Family-owned businesses range in size:
- 1.2 million of family-owned small businesses are run by a husband and wife.
- They can range from 2 people to thousands in a Fortune 500 company.
Some family businesses become huge publicly traded companies and PWC says “a family business is defined as one in which (1) the majority of votes are held by the person who established or acquired the company (or by their spouses, parents, child, or child’s direct heirs) and (2) at least one representative of the family is involved in the management or administration of the business.” Think of Walmart or Dick’s Sporting Goods.
According to data from a Baker Tilly white paper, “over a typical family business history – through founding activity, mergers and acquisitions – the average middle-market family enterprise controls 6.1 businesses.”

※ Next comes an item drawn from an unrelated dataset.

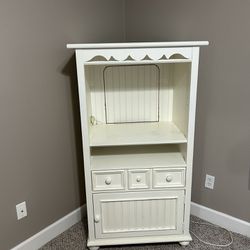 White collar cottage armoir with 1 drawer and cabinet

And while some statistics show that almost half of all family businesses are owned by “Baby Boomers” who have plans of retiring in the near future, some data shows that:
- around 75% of the owners have no written transition plan
- over 80% have no documented growth plan
Baker Tilly points out that many family-owned business owners may have up to 50-90% of their personal wealth tied up in their business. According to a 2017 Forbes article titled “Study Shows Why Many Business Owners Can’t Sell When They Want To” found that only about 20 percent to 30 percent of businesses that go to market end up getting sold.

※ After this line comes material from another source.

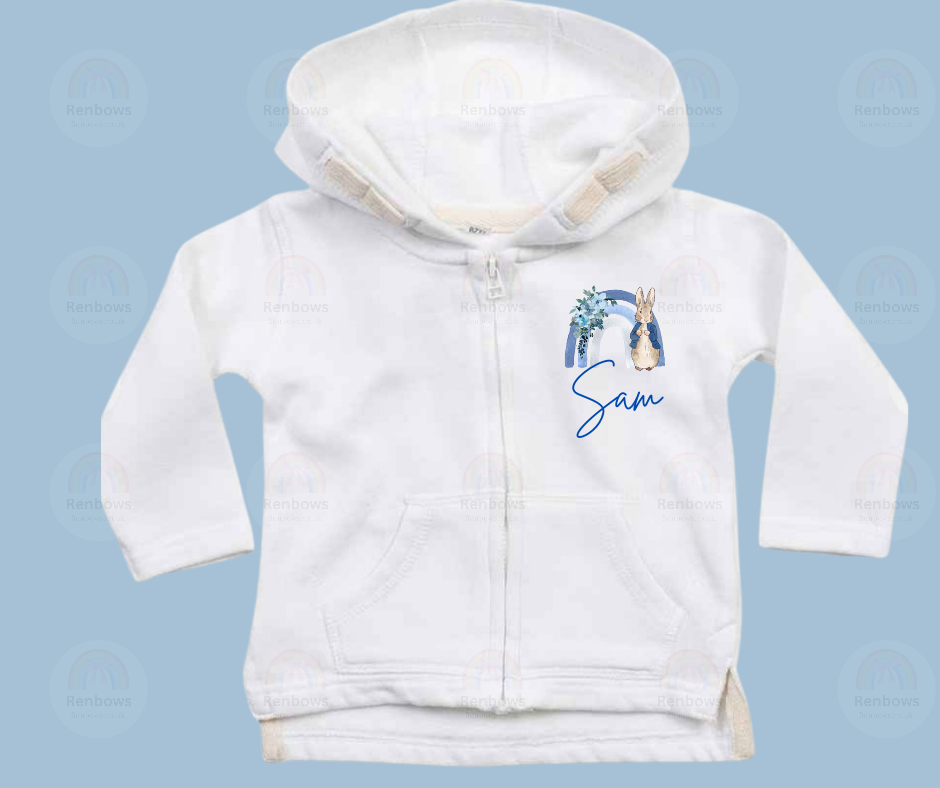 White Babybugz Baby Hoody Personalised 12-18months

US family business snapshot from PWC
- 18% of US family businesses say they anticipate an ownership change within approximately 5 years.
- What sort of changes do they anticipate?
Many times the issue comes down to the fact that owners do not receive the valuation they feel they deserve, or potential buyers perceive there is too much risk. Today’s global economic and political climate makes it more important than ever for family businesses to implement effective planning strategies aimed at reducing risk and growing value.
If a sale of the business is contemplated, owners must take into account the financial strength of the business, the financial position of potential buyers, available sources of financing, collateral, guarantees, the tax consequences for both parties and cash-flow issues. The timing of a transfer is also critical. A business owner who is considering selling the business may want to time the completion of the sale for maximum tax advantage. Doing so could result in net after-tax proceeds that are substantially higher than if the deal were accelerated or delayed. To manage such issues, owners should engage advisors who can help them make effective and timely decisions, as well as give them a detailed understanding of the sales process.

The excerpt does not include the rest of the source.